### ASSIGNMENT
Write the data out again exactly, with every picture removed.

### DATA

::::::::

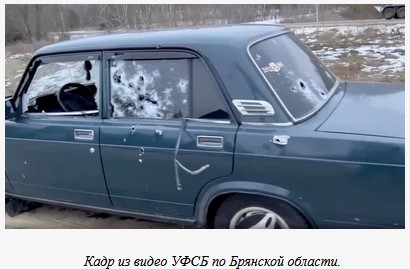 Андрей Архицкий: Нужно доверять своему народу! О теракте в Климовском районе
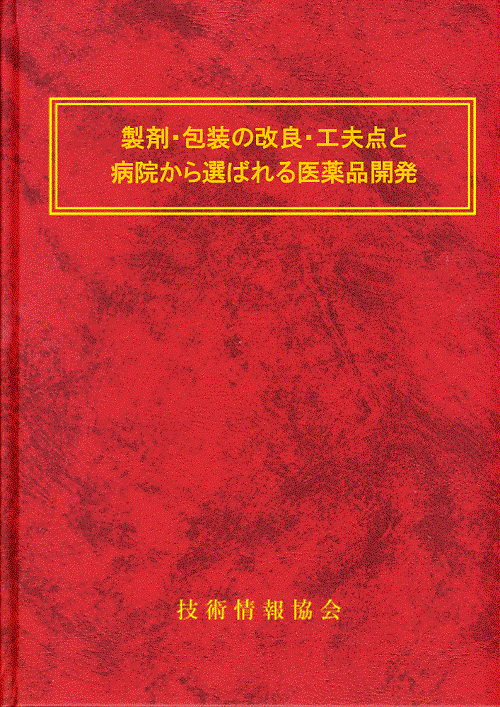 製剤・包装の改良・工夫点と病院から選ばれる医薬品開発(No.1890)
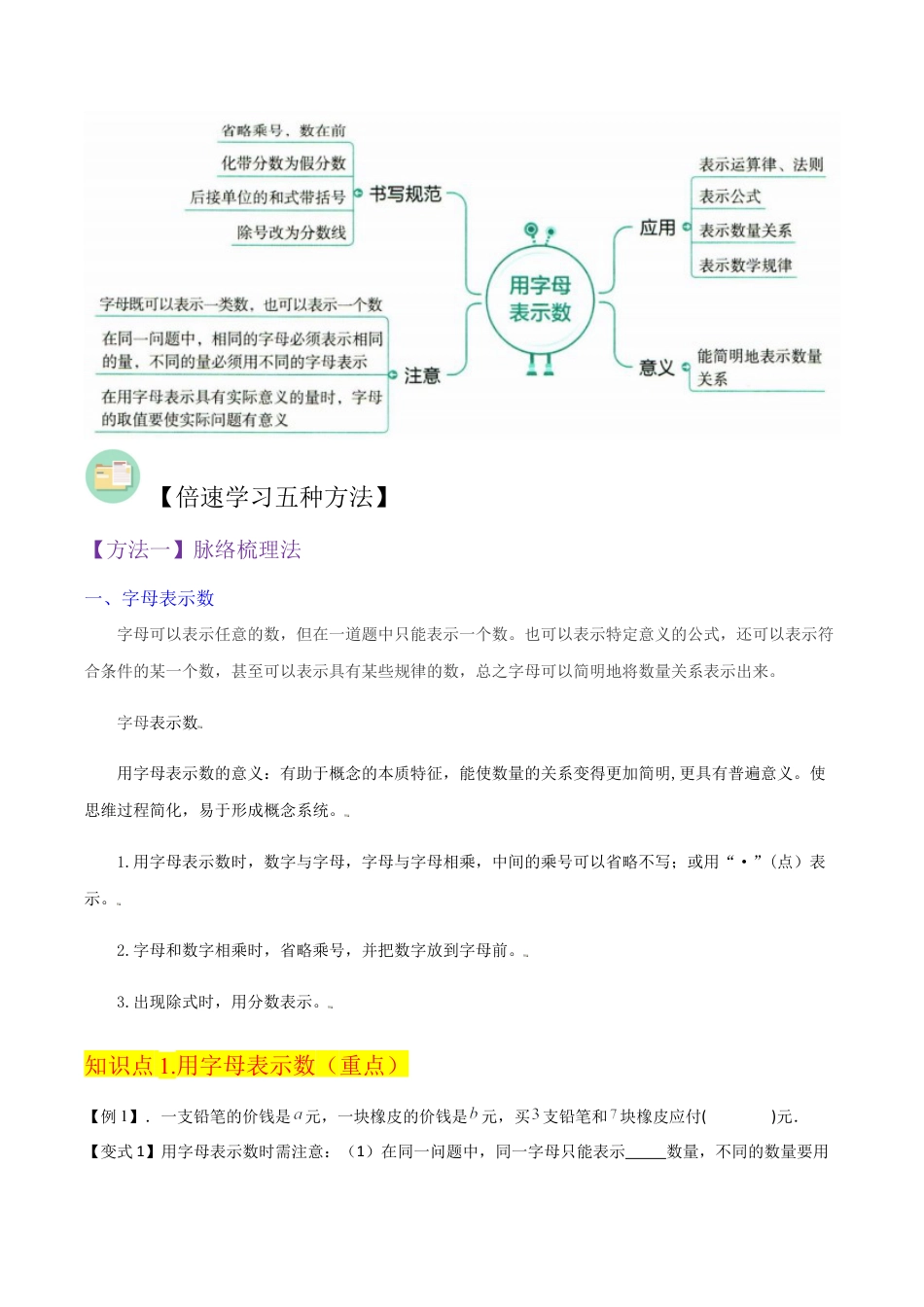 初中七年级数学上册-专题15用字母表示数 （2个知识点3种题型1个易错点1个中考考点）（浙教版）（无答案） word.docx_第2页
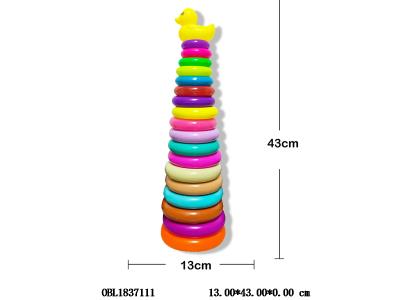 十八层彩虹套圈_OBL1837111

::::::::

### RESULT FOR THIS EXERCISE
 Андрей Архицкий: Нужно доверять своему народу! О теракте в Климовском районе
 製剤・包装の改良・工夫点と病院から選ばれる医薬品開発(No.1890)
 初中七年级数学上册-专题15用字母表示数 （2个知识点3种题型1个易错点1个中考考点）（浙教版）（无答案） word.docx_第2页
 十八层彩虹套圈_OBL1837111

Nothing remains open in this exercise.